Finding common ground
Yehiel Curry, bishop-elect of the Metropolitan Chicago Synod, can trace his path to ministry and the development of the congregation he served, Shekinah Chapel, Riverdale, Ill., to a camp that was started to provide mentorship on constructive, nonviolent leadership skills.
The camp, called SIMBA (Safe In My Brother’s Arms), was started in 1993 by ELCA leaders who saw an opportunity to create a rite-of-passage mentoring program for African American boys to learn about healthy ways to process emotions.
St. Stephen Lutheran Church, Chicago, began hosting a regular worship service called Shekinah Chapel to provide an opportunity for the Chicagoans involved in SIMBA to gather more frequently than the camp experience. As the chapel evolved into a broader worshiping community, Curry was called to be its lay mission developer and was ordained a few years later.
“My way to the Lutheran church was through SIMBA,” Curry said. “I was never looking for the Lutheran church. I was looking for a mentoring program, and they were already doing this in my neighborhood.”

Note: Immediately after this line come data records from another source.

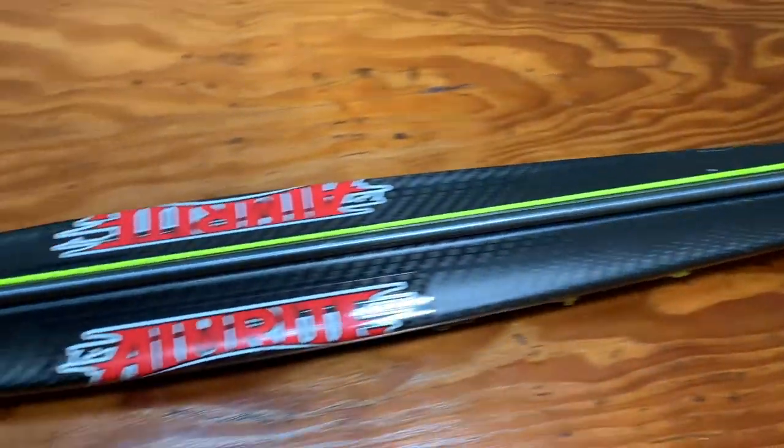Welcome back, and if you're new here, welcome to my channel. This is my AimRight Rage carbon fiber single roller gun. Ever since I bought this gun, a lot of you have been asking what I thought about it and if I thought it was worth the price tag, so I decided to make an overview and review video.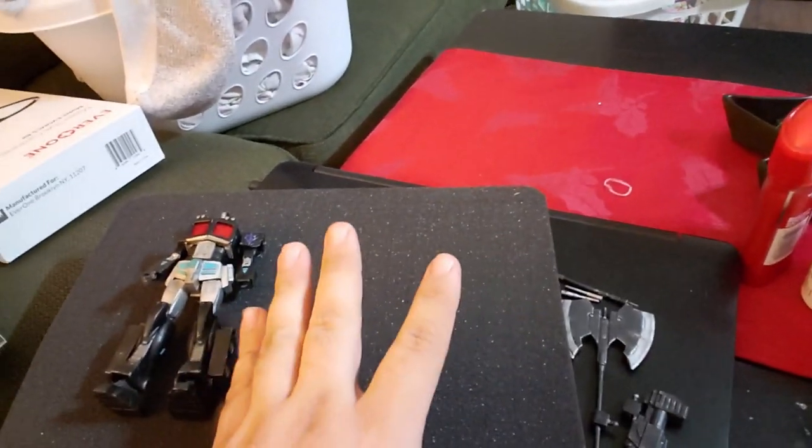All you have to do is pull the foam out for the shape. Basically I'm going to lay the Gundam out along with the weapons and stuff and make a custom shipping layout just for this. I'm going to trace the design so I know how much foam to pull out, and also make a small hole for this little extra piece that was supposed to go to him as well.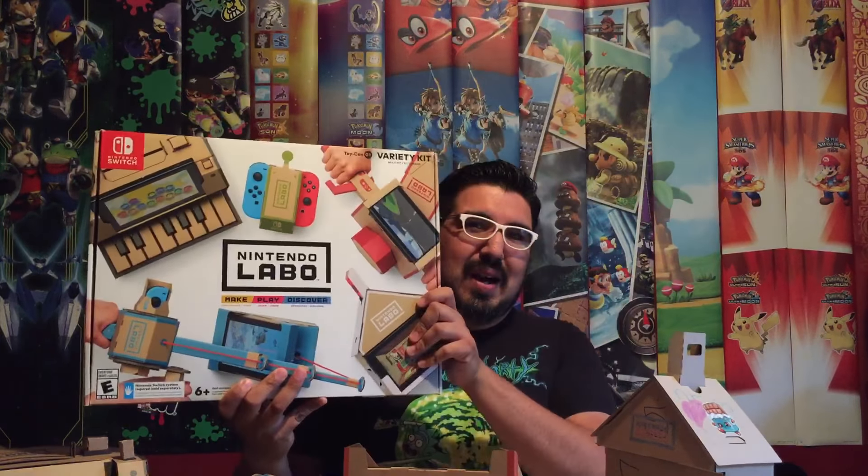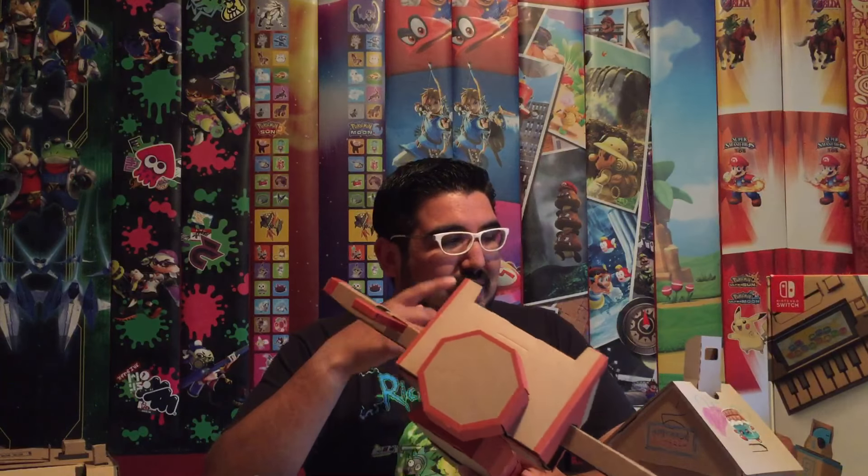Hey everyone, so today I wanted to do a review on Nintendo Labo for the Nintendo Switch now that we've had it for a few days. The game is awesome — I'm not even sure if you can really call it a game. It blurs the line between game and craft, which is really cool. I actually didn't build any of these; my daughters and my nieces and nephew helped me out and they each got to build a Labo kit with the variety kit.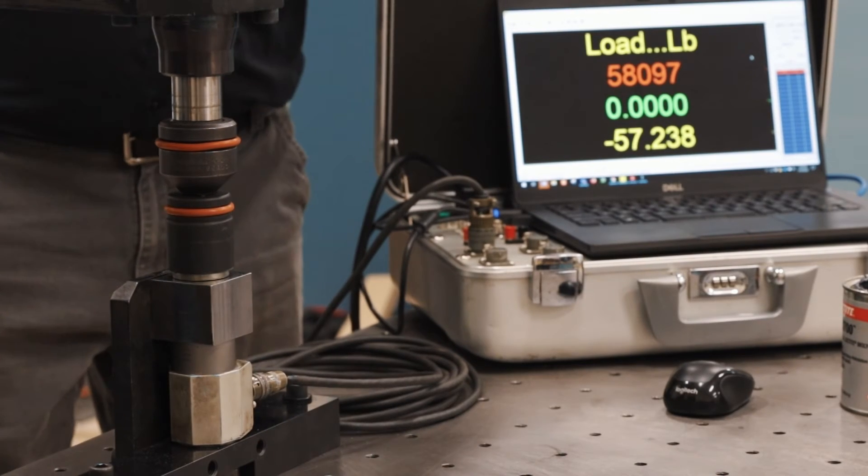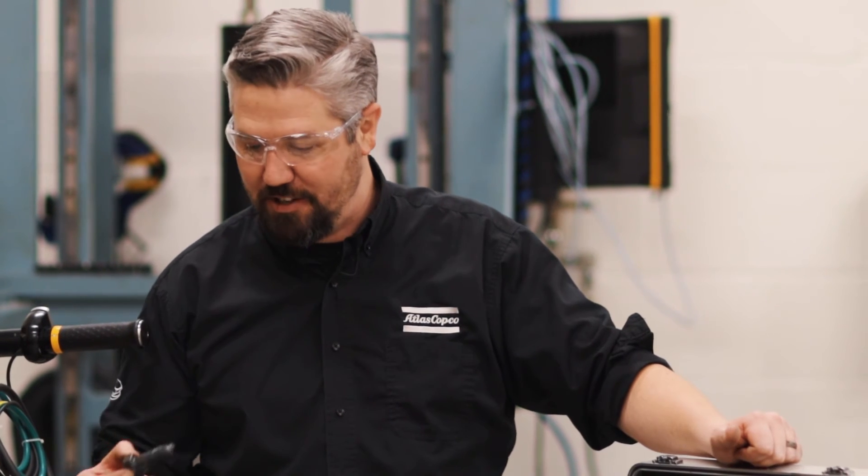All right we broke the bolt — we produced over 58,000 pounds of clamping force, which is the ultimate tensile strength of this bolt.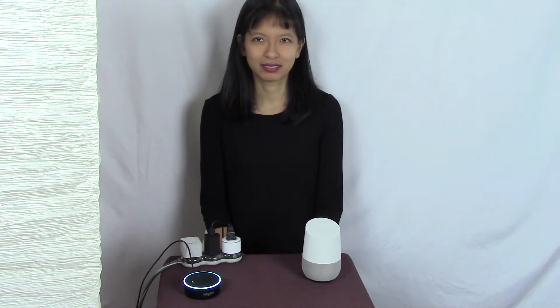Alexa, turn basement lamp on. Okay. Okay Google, turn basement lamp off. Sure, turning the basement lamp off. Okay Google, turn basement lamp on. You got it, turning on the basement lamp. Alexa, turn basement lamp off. Okay.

Curry said he has a lot of gratitude for the church because it introduced him to a way to live out his mission. “You’ve got to be in touch with your story because that’s the only way mission comes alive,” he said. “My dad was murdered in [the 1970s] on the South Side of Chicago. I know what it’s like to be a victim of community violence. I know what it does to a family. I know what it does to children. I’ve lived in the communities that lead the news cycle every night, and I know there is another narrative. I think it’s our job to make sure that other narrative is out there.
“It took me so long to get to this realization, but now I’ve been able to say that this experience—this major moment in my family’s life—was so impactful that I began to dream of another way and then found programs that were doing that work. I felt called to be a part of them, to journey with them.”

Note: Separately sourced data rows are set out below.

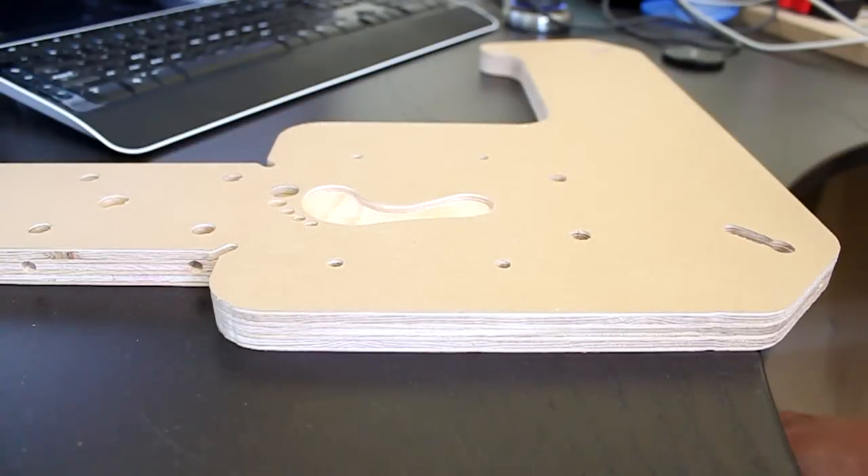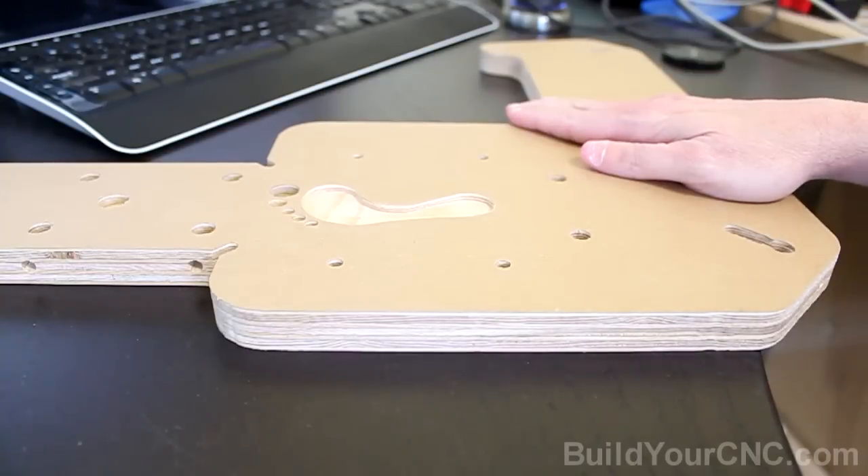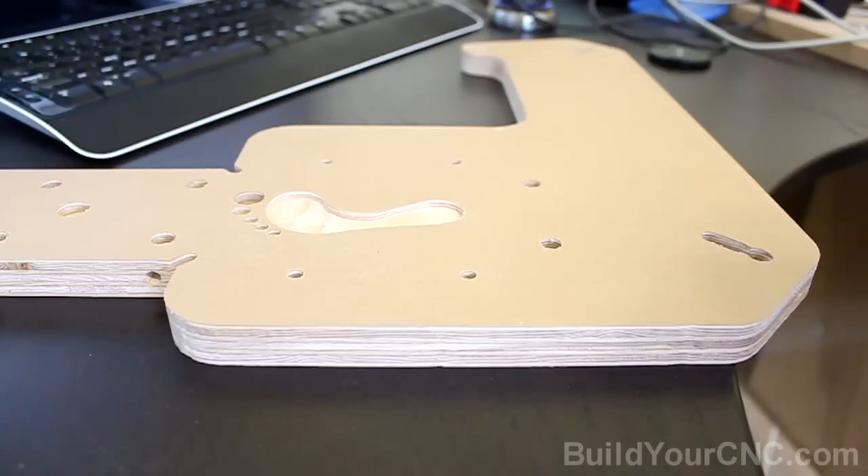This video covers the changes made from version 4.0 to 4.1 on both the Black Toe and Black Foot CNC machines. There are only a couple of changes and they are relatively small, but the impact on the machine is great.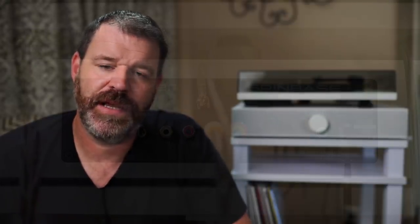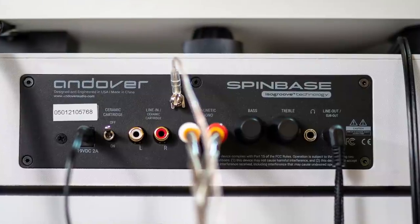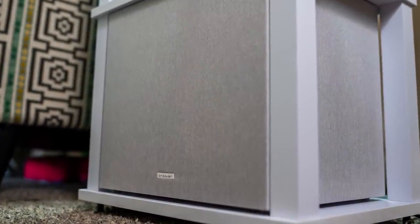The Spin Base also has a 3.5mm headphone output, so it can act as a headphone amp. If you want to listen to records without bothering your neighbors or family at 3 in the morning, you can listen through headphones. The Spin Sub fits perfectly in the bottom of the Spin Stand — go figure. It has a really cool-looking heather gray grill and the whole system is very attractive.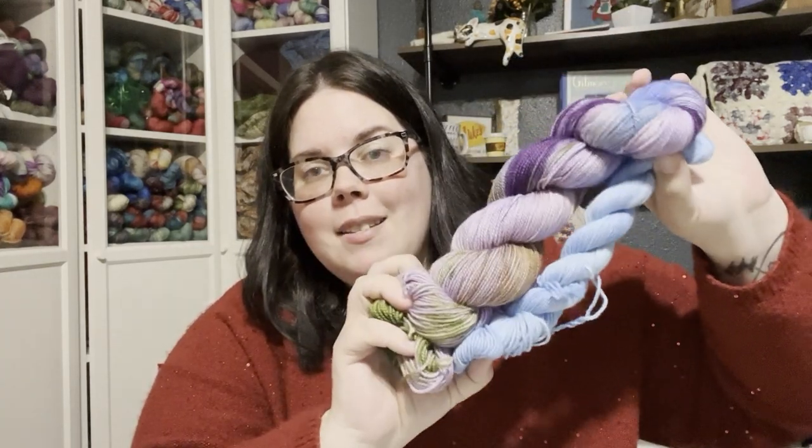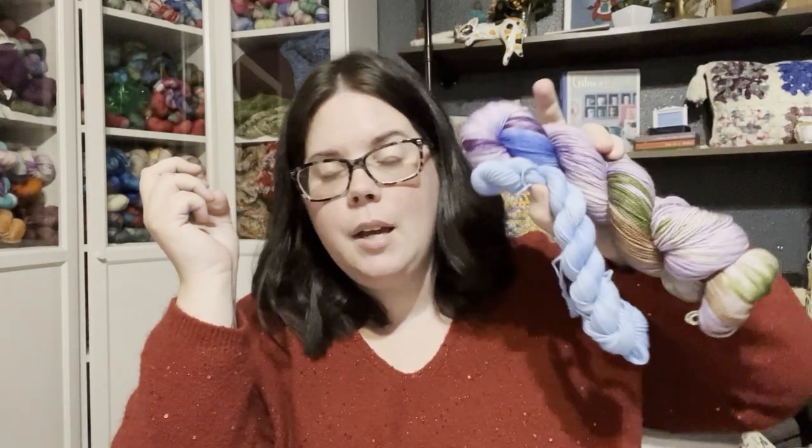Let's dive into our Big Bend National Park Socks mini tutorial. First, let's go over the materials: you're going to need sock weight yarn, which is a weight one. This month we featured our Big Bend National Park sock set — one sock set is plenty. Depending on the size you're making, you'll need anywhere from 250 to 300 yards; combined, you have about 492 yards, so it's more than enough.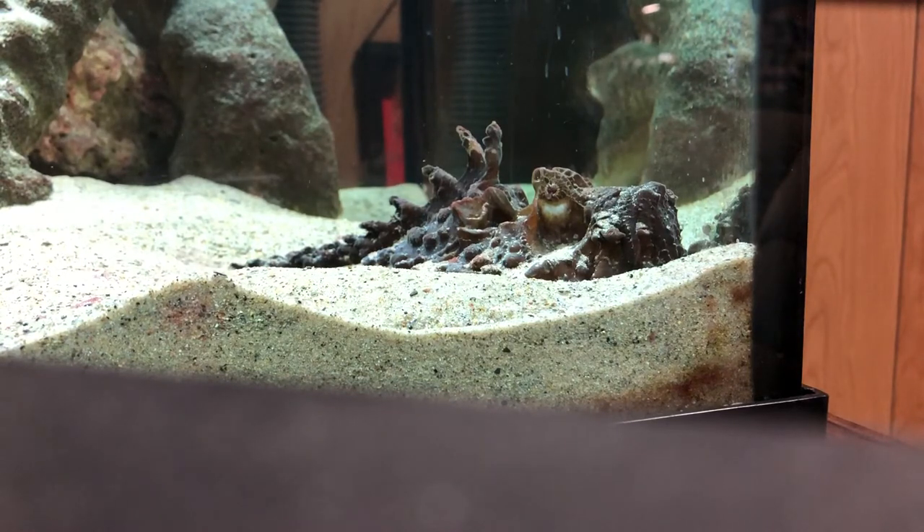As for tank mates, I do have a shark and two eels in this tank. The reason is that anything the same size or smaller will get eaten by these guys. That's why I have larger tank mates — so they won't think about attacking them and the tank mates won't attack them either. You do have to avoid having large sharks, large puffers, or triggers, as puffers and triggers like to bite corals and live rock. Since these guys stay still, puffers and triggers think they are rocks and will bite them, which could cause problems.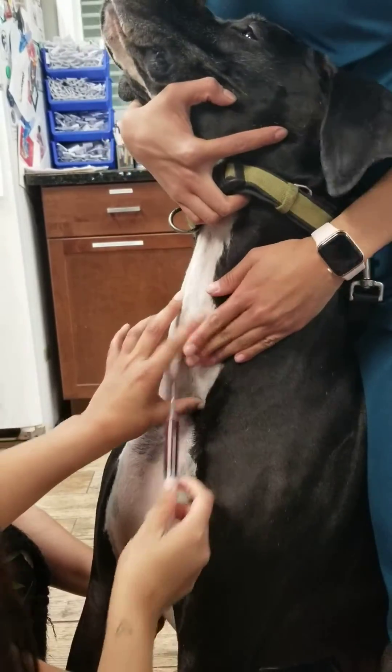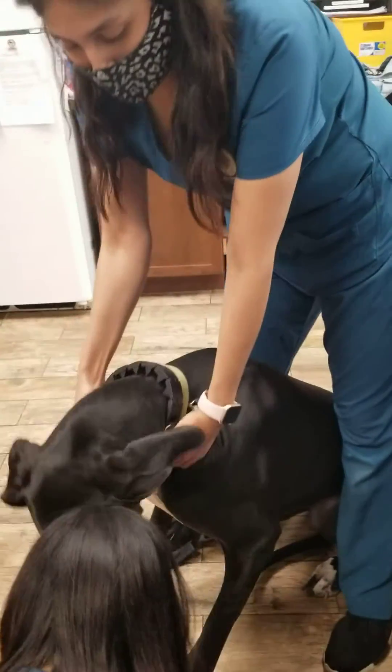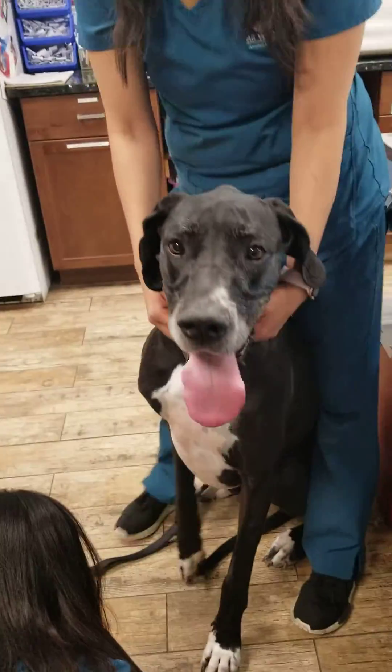All righty, perfect. And so we will just hold off on the area for about a minute, and that is how we do our blood draws.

SIMBA eventually grew into a separate nonprofit called Rescue, Release and Restore, of which Curry is a leader. It created two new programs—SIMSA (Safe In My Sister’s Arms), which expands the mentoring camp experience to African American girls, and MYLA (Multicultural Youth Leadership Academy), a camp for teens to develop leadership skills for a multicultural world.
“When we listen to one another, we learn some things. The church can be the center of those listening posts.”
Curry said these camps create opportunities for people to listen to each other, engage in dialogue and understand how individuals can share their gifts and receive others—relational practices he believes lead to constructive conflict-resolution skills.
He said the church, as a relational body, is well positioned to lead these practices. “When we listen to one another, we learn some things. The church can be the center of those listening posts,” he added. “We can’t deny, especially in Chicago, it’s a polarizing time. Allowing voices to be heard allows us to realize that we’re more similar than different. And by learning this, people think twice and calculate the costs.”
Curry said a Shekinah parishioner who is a conflict-resolution specialist has spoken at the church about what he has learned about people who have committed acts of violence. “He says, ‘If those people would’ve waited three seconds, they never would’ve done it,’ ” Curry said. “So that’s our goal. We’re fighting for those three seconds.”
Today, 25 years after its adoption, the “Community Violence” social message is still all too relevant. Everyone is captive to the sin of violence as its reach touches every community, but the gospel messages this church follows point to a way out and call on people of faith to be people of healing.
“Seeking justice and making peace is our avocation,” Willer said. “It’s not our job. It’s a way of life. This social message reminds us that it’s a journey. God is already at work doing this and is beckoning us to join.”